Information security breaches need to be made public. They need to be made public in a much more proactive and efficient way than they are today. Sony is a fine example.
Senator John Rockefeller IV, chairman of the US Senate Committee on Commerce, Science and Transportation, agrees. He and four other senators said so today in a letter sent to the US Securities and Exchange Commission (SEC) asking them to bolster corporate breach notification requirements. The letter stated “Securing cyberspace is one of the most important and urgent challenges of our time. In light of the growing threat … it is essential that corporate leaders know their responsibility for managing and disclosing security risk.” “Our review of recent corporate disclosures suggests that material breach reporting, like information risk, is inconsistent and unreliable.”
IT still struggles with the dual edged sword of making a system or application usable, and making it secure. IT teams generally have a mandate based on Availability. InfoSec teams have a polar objective; keep the information Confidential and maintain its Integrity. Those three words are capitlized because they are the classic pillars of Information Security. C-I-A. Rarely if ever does security trump IT or Business needs. Until there has been a breach. Then the daggers come out…

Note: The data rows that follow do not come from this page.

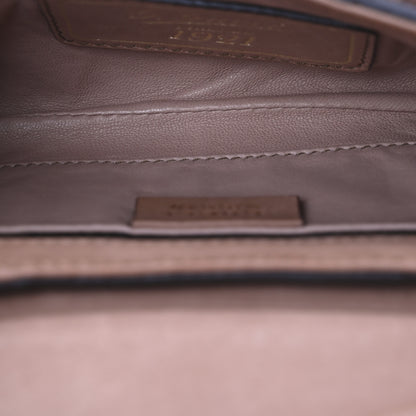 Gucci Crocodile Horsebit 1921 Clutch Light Brown 5 of 12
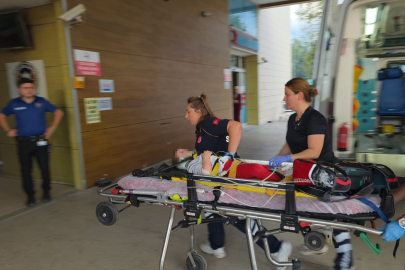 İnegöl’de 5 yaşındaki çocuk balkon düşmesi sonucu ağır yaralandı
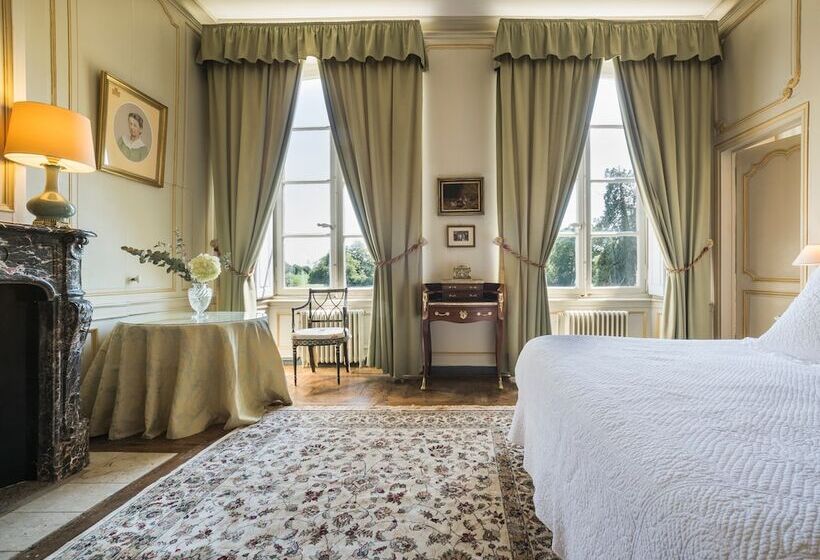 סוויטת סופריור, Château De Boucéel   Mont Saint Michel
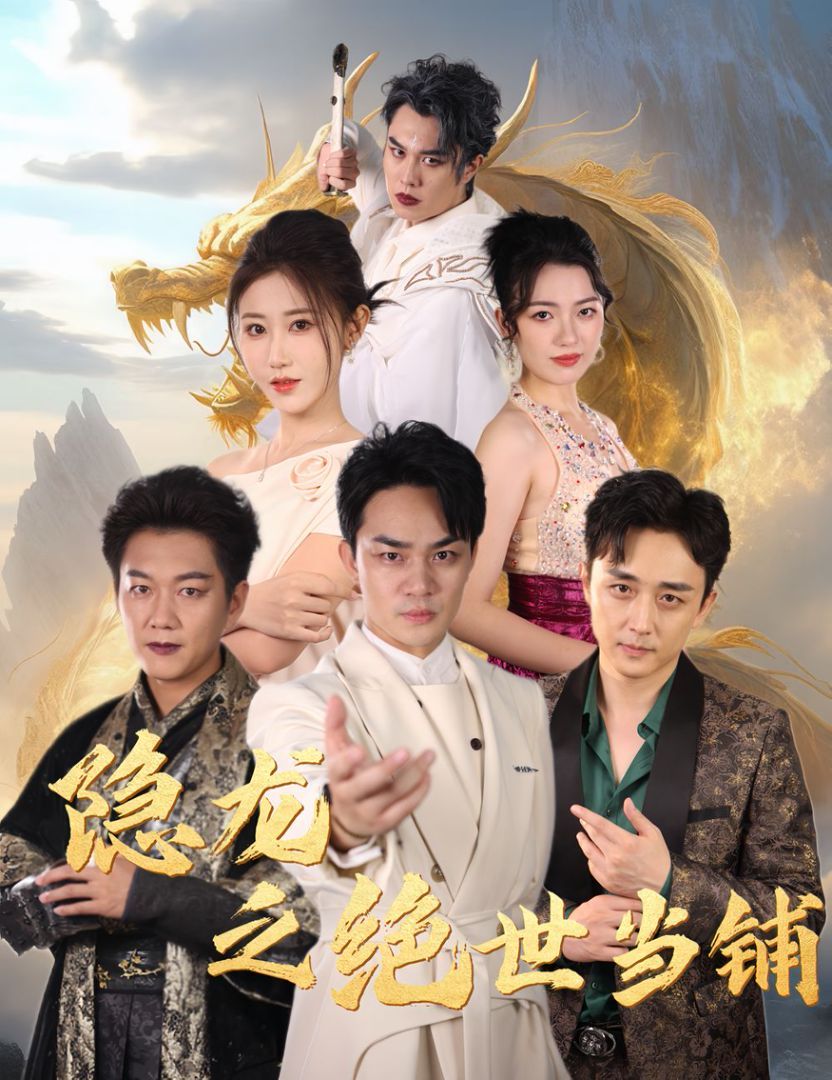 《隐龙之绝世当铺》海报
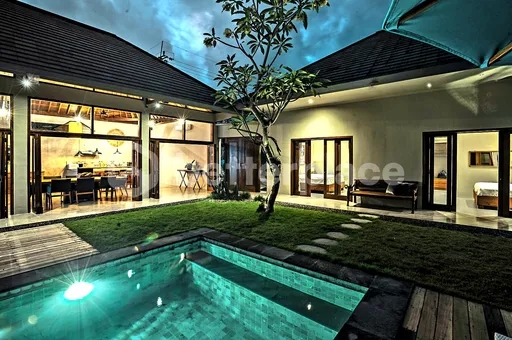 Where Rice Fields Meet Jungle Canopy — Beautifully Appointed 3BR Villa with 10-Metre Infinity Pool and Expansive Sundeck in Cepaka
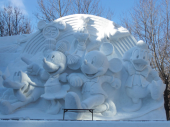 水曜／開催日前日の雪像 画像3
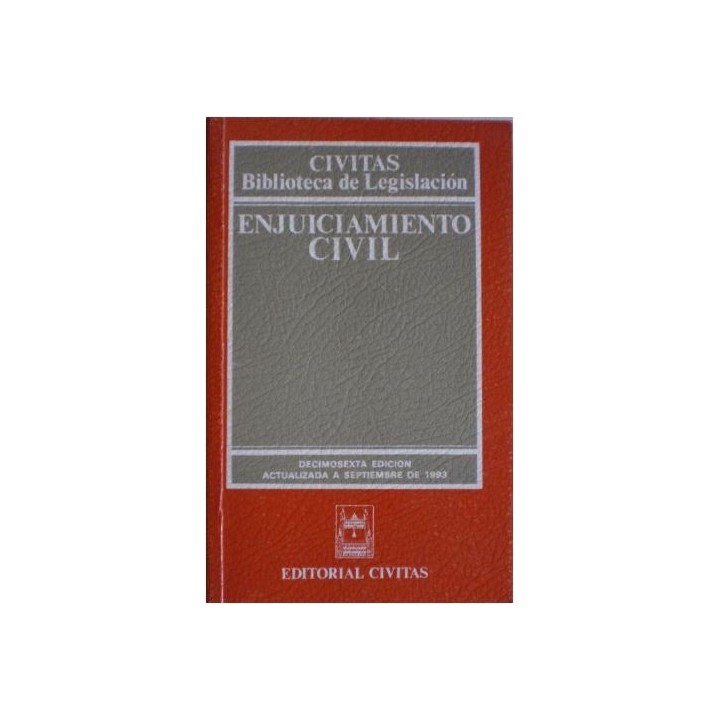 Enjuiciamiento civil
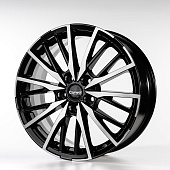Carwel Агма 7x17 5*114.3 ET37 DIA66.6 BL Литой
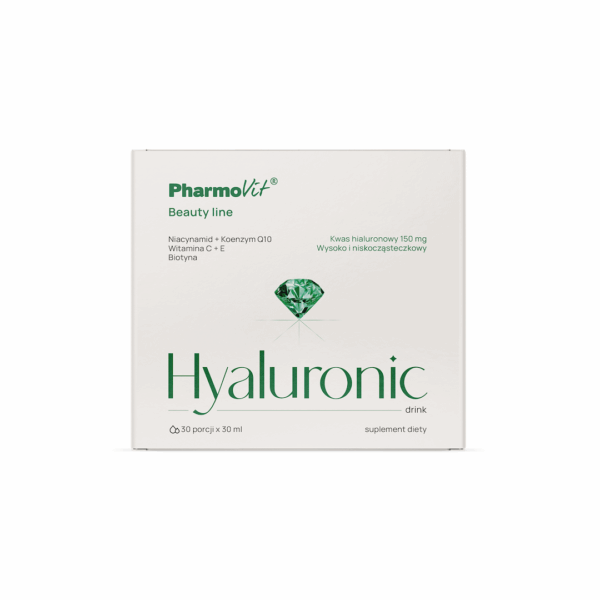 Hyaluronic drink Beauty line 30 szt x 30 ml Pharmovit
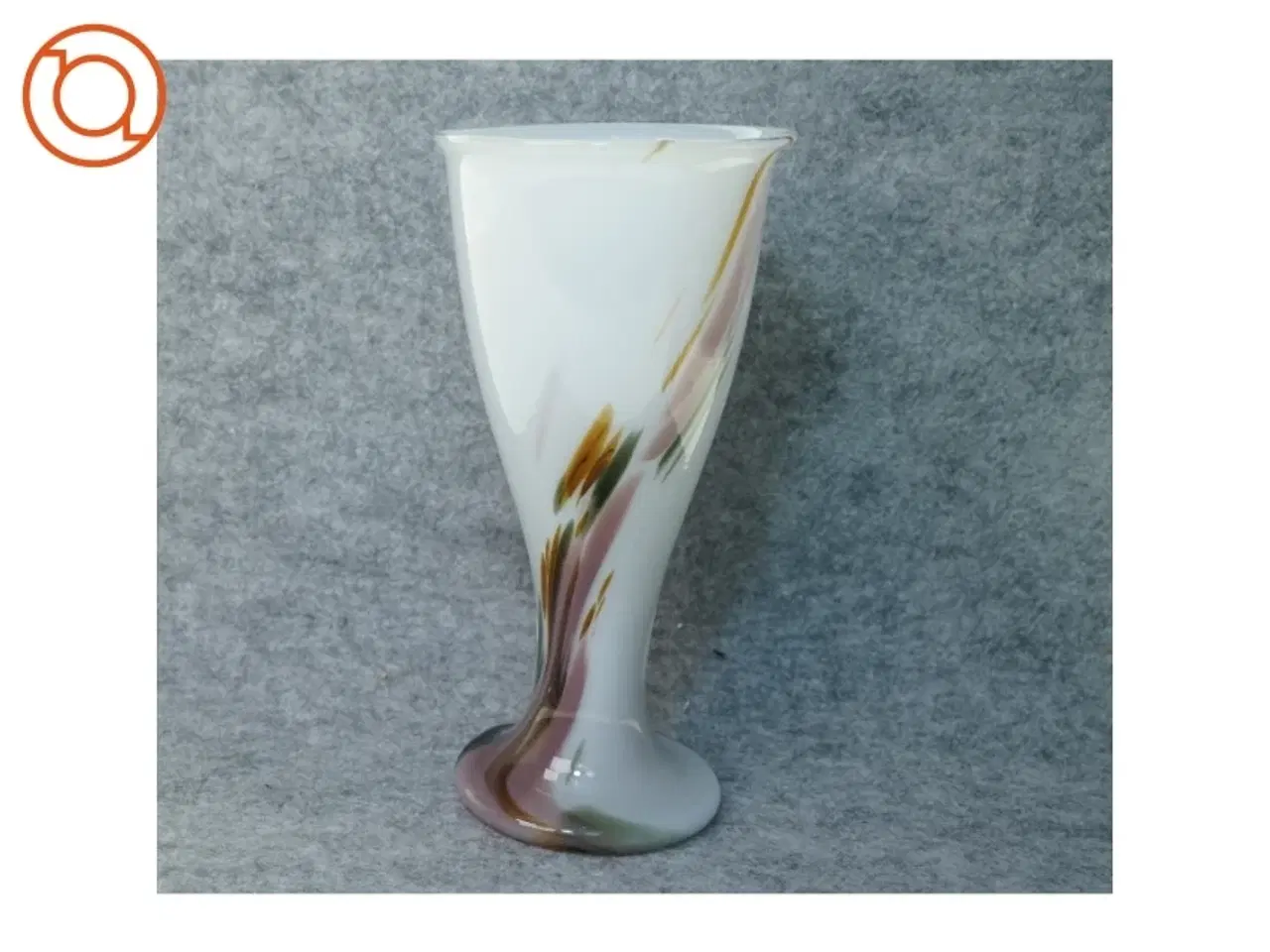 Billede 1 - Najade Holmegaard Vase (str. 22 x 11 cm)
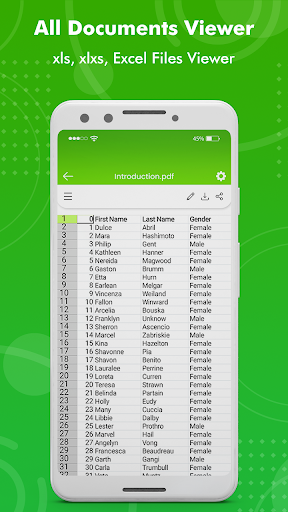All Document Reader: Office Su ekran görüntüsü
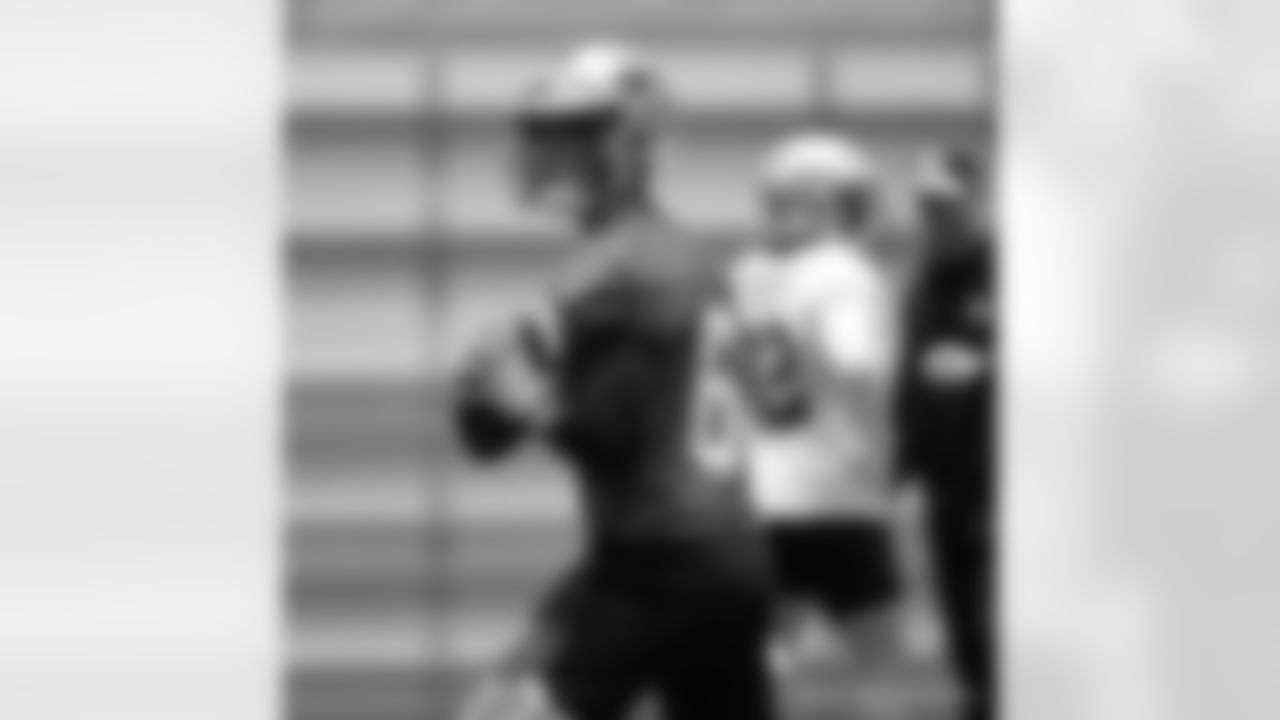 New Orleans Saints players kicked off 2025 Rookie Minicamp workouts at the Ochsner Sports Performance Center on May 9, 2025.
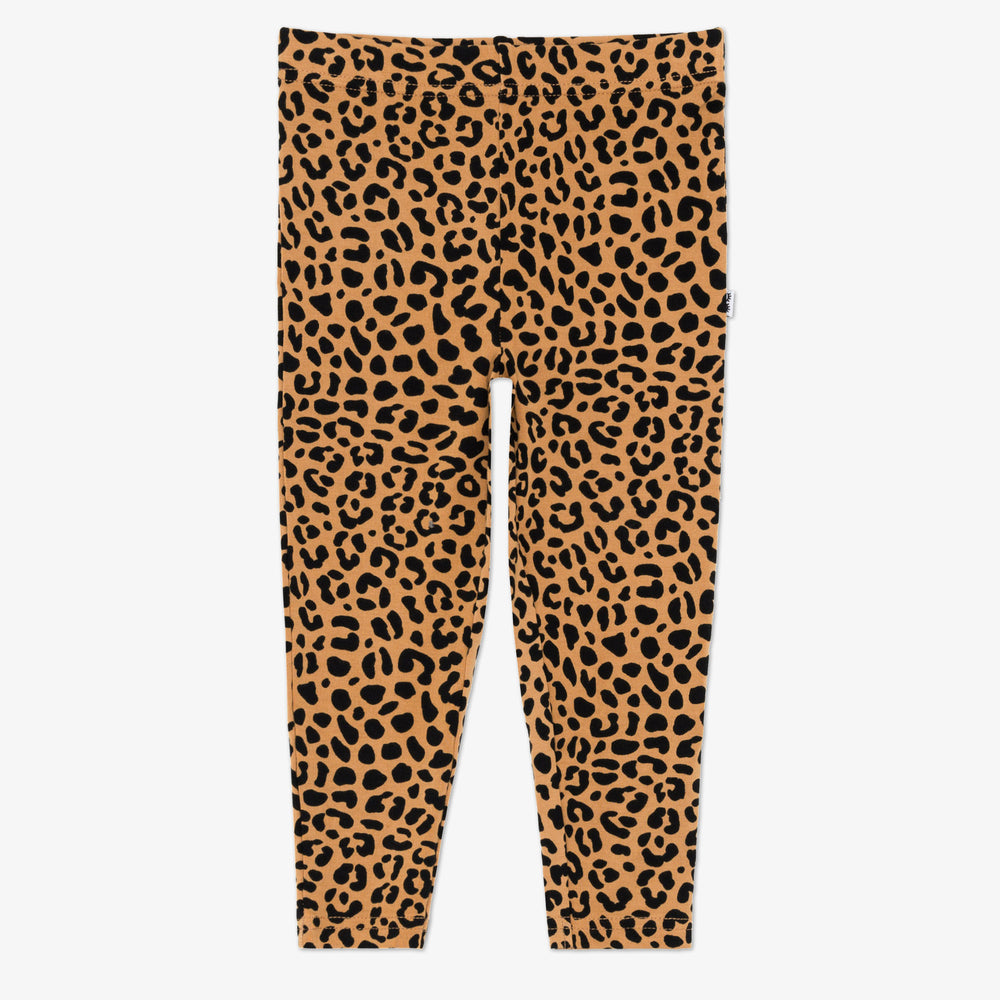 Flat lay image of the Classic Leopard Legging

I have spent more than three decades in Information Technolgy and one third of that time focused on Information Security. My background originates with PC technician and field repair work, and I have progressed through the ranks of Inside Sales, Helpdesk, Technical Support, Desktop Technician, Network Engineer, Infrastructure Engineer, Supervisor, IT Manager, IT & Security Consultant, Security Incident Response Specialist, to Informaiton Security Manager, consulting widely on IT and Security projects.
In my opinion, we need standards, guidance and hard rules on the Internet that are equivalent to the rules of the road. We didn’t create networks of roads to eliminate traffic accidents. We built them to enable faster travel. Some accidents on these highways were going to be inevitable. We built protective devices and safety features to keep the cars on the road and to protect the occupants when they collided. We restricted how fast and in which directions one could travel. We mandated certain equipment as required. We demanded that each person using the roads be adequately trained and licensed before having priveleged access. We put forth laws and regulations that every user must follow, and provided the police with the powers to enforce those laws.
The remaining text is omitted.